Il serait inutile d’essayer de faire le bilan de tous les mouvements de révolte populaire qui aujourd’hui font trembler la terre jusqu’à son centre. Des régimes liberticides corrompus et antisociaux tombent. Certains font des concessions, d’autre utilisent la répression sanglante. Parfois ces mouvements de résistance se retrouvent entre les feux croisés des puissances militaires et c’est la guerre pure et simple qui vient briser les rêves de liberté. Quel est le rôle d’un mouvement comme les Gilets Jaunes au sein d’un pays riche ( riche du pillage des pays pauvres) dans ces processus de révolte à l’échelle internationale ?

Débats - © Reflets
Débats - © Reflets

  • Identifier nos adversaires et nos alliés.

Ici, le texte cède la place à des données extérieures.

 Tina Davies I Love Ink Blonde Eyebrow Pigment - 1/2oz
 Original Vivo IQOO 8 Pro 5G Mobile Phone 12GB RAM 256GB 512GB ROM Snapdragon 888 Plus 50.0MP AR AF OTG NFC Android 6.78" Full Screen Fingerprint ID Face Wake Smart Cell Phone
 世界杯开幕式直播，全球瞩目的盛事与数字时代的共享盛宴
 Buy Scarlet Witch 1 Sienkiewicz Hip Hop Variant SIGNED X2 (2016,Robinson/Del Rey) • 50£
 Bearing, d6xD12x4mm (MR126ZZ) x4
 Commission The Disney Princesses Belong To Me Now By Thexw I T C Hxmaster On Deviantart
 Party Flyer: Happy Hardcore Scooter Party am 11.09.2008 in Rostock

Lors de la dernière assemblée des assemblées il a été établi que le mouvement des gilets jaunes entendait sortir du capitalisme. Nous proposons maintenant de nous pencher sur la question du comment. Il s’agirait ici de réfléchir collectivement à la désignation de nos adversaires dans la vie pratique, afin de se rappeler que nous sommes tous et toutes ensemble contre les personnes ou les intérêts qui nuisent à notre vie (par les questions du pouvoir d’achat, de la santé, de l’écologie, de l’éducation, etc.). Les discussions peuvent aborder les moyens d’actions qui nuiraient directement à nos adversaires. Mais nous n’avons pas que des adversaires, alors il s’agit aussi d’identifier qui sont les acteurs sociaux, médiatiques, écologiques, qui tentent comme nous de changer le système, d’améliorer nos conditions de vie et de déterminer comment interagir avec eux. Comment gérer nos actions avec des acteurs (associations, médias, syndicats…) qui utiliseraient des moyens légalistes et en contact étroit avec les forces de l’ordre ? Comment construire la société de demain avec eux ?

  • Comment agir dans le contexte des élections municipales ?

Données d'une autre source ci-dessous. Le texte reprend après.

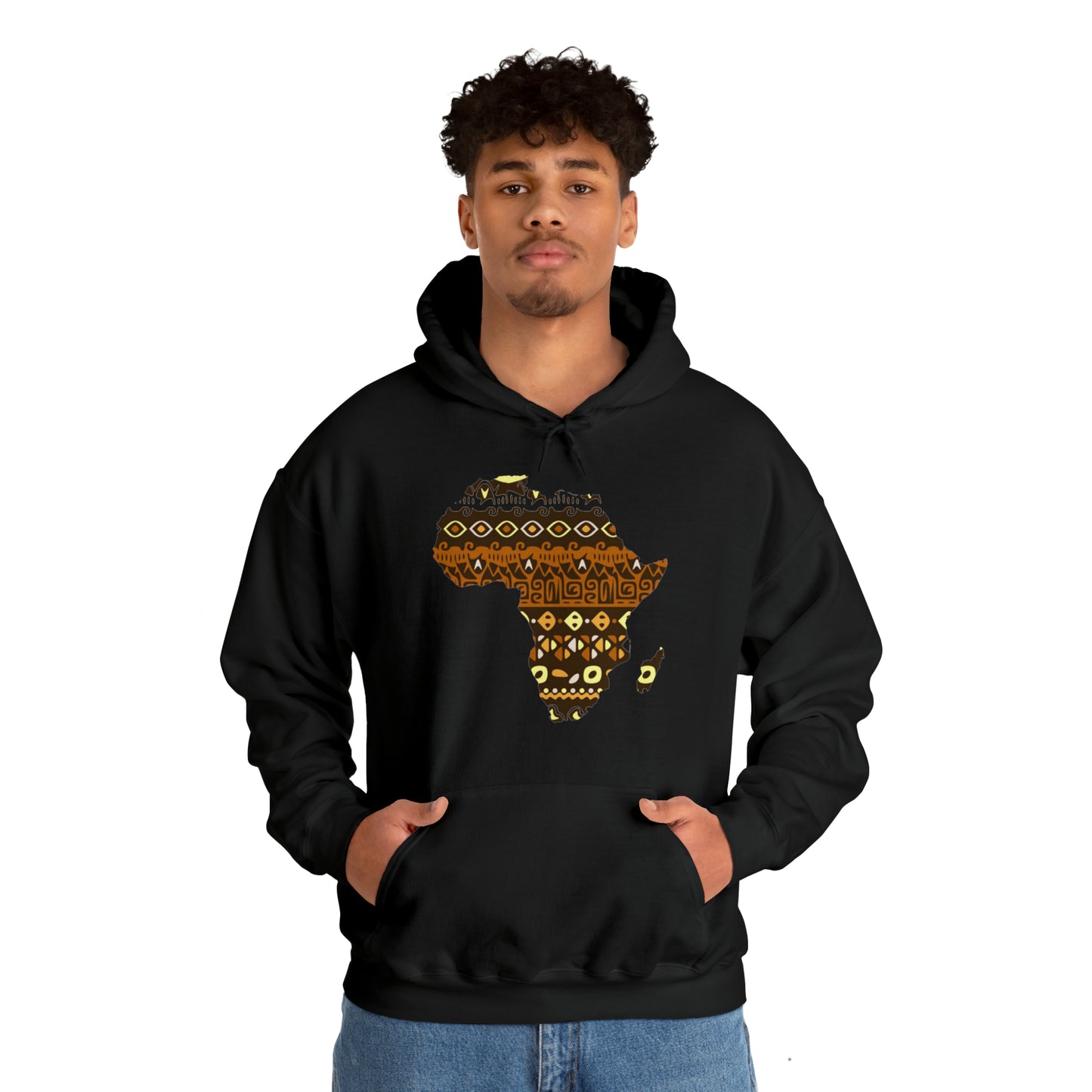 Sahara African Print Map Unisex Hoodie Sweatshirt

Bien que ce thème puisse mener à des débats de type « il faut voter/ou pas », nous pensons qu’il peut permettre de retranscrire beaucoup d’idées qui ont (eu) leur popularité comme le RIC, le municipalisme et le rapport aux institutions de la 5ème république en général. Une manière de traiter ce thème pourrait être de déterminer comment utiliser cette échéance politique pour amener ces sujets vers une réappropriation de l’espace public. Comment fait-on pour s’approprier l’enjeu politique et le pouvoir démocratique au sein de la population par des biais non institutionnels ?

Les Gilets Jaunes à la conquête des cœurs et des esprits

La bataille de la communication

Comment mieux se faire connaître de la population et fédérer ? Les Gilets Jaunes réunis pour la 4ème assemblée nationale à Montpellier se sont attaqués à cette question cruciale pour l’avenir de leur mouvement.

Les participants à ce groupe thématique font rapidement connaissance. Il sont environ 130, répartis en petit groupes de dix, puis en trois groupes d’une quarantaine de participants pour favoriser les échanges. Mikel est venu avec une petite délégation de Bayonne. « On est malheureusement les seuls du pays Basque. Il y a eu malheureusement des tensions entre les groupes sur ce qu’il fallait ou pas faire lors du G7 de Biarritz. Il y a plusieurs groupes dans la région mais ils sont assez éclatés. »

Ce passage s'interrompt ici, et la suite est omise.